• DIRECTIONS FOR THIS TASK: The needed output is the run of lines below from the one containing "Càng uống nhiều" through the one containing "A Mandibular Occlusal", copied exactly and free of pictures.

• RECORDS TO PROCESS:

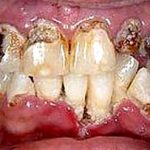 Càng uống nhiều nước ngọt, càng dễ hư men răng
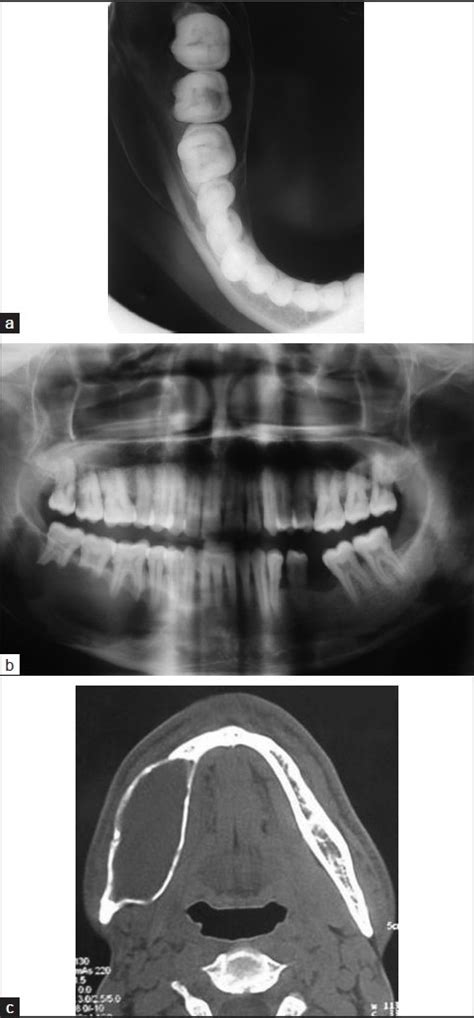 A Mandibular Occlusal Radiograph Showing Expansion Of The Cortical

--

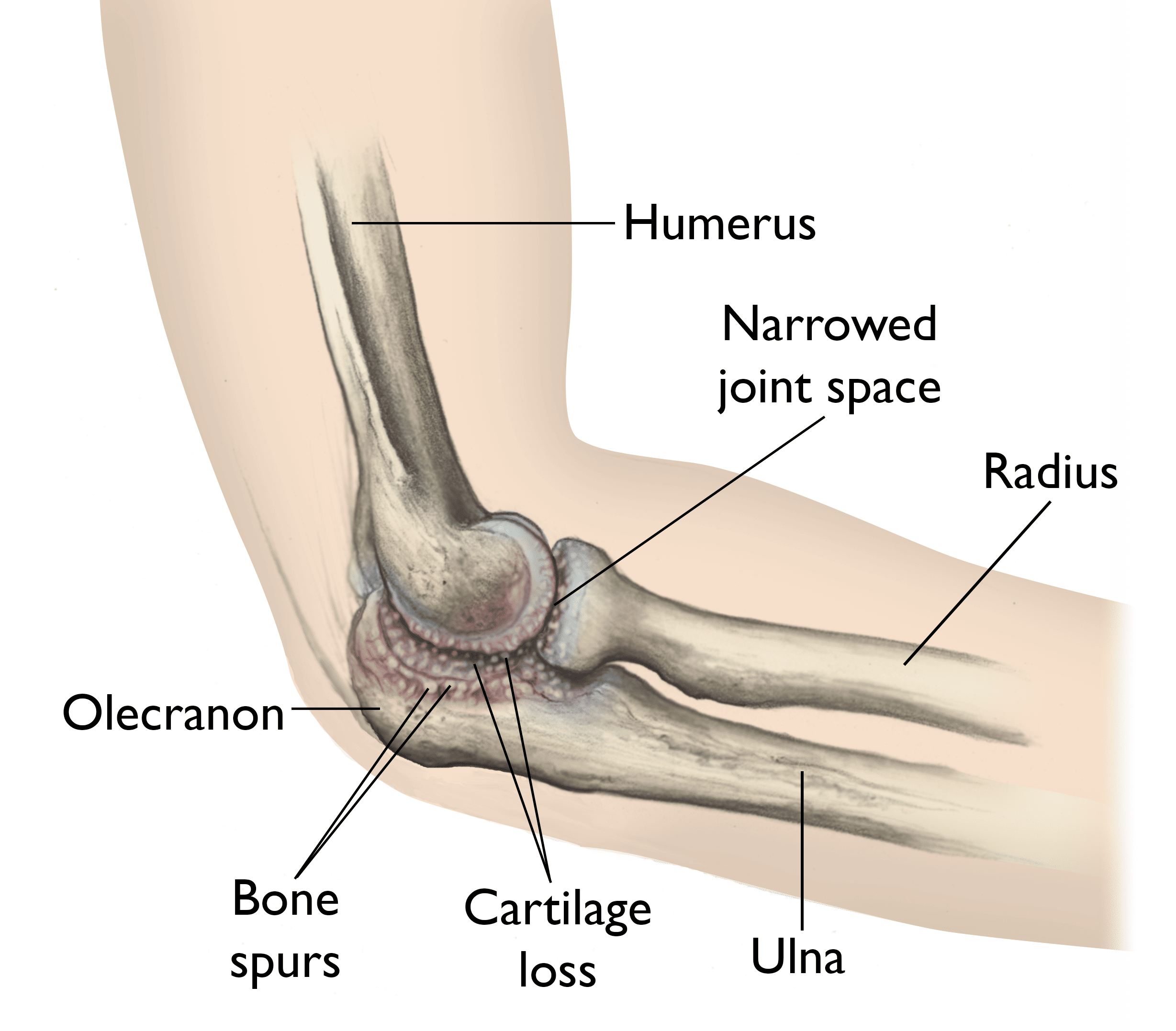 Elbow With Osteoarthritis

---

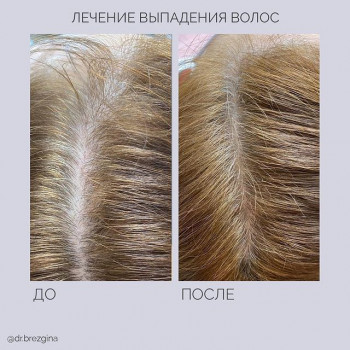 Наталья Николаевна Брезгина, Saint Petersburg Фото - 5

• OUTPUT OF THE TASK:
 Càng uống nhiều nước ngọt, càng dễ hư men răng
 A Mandibular Occlusal Radiograph Showing Expansion Of The Cortical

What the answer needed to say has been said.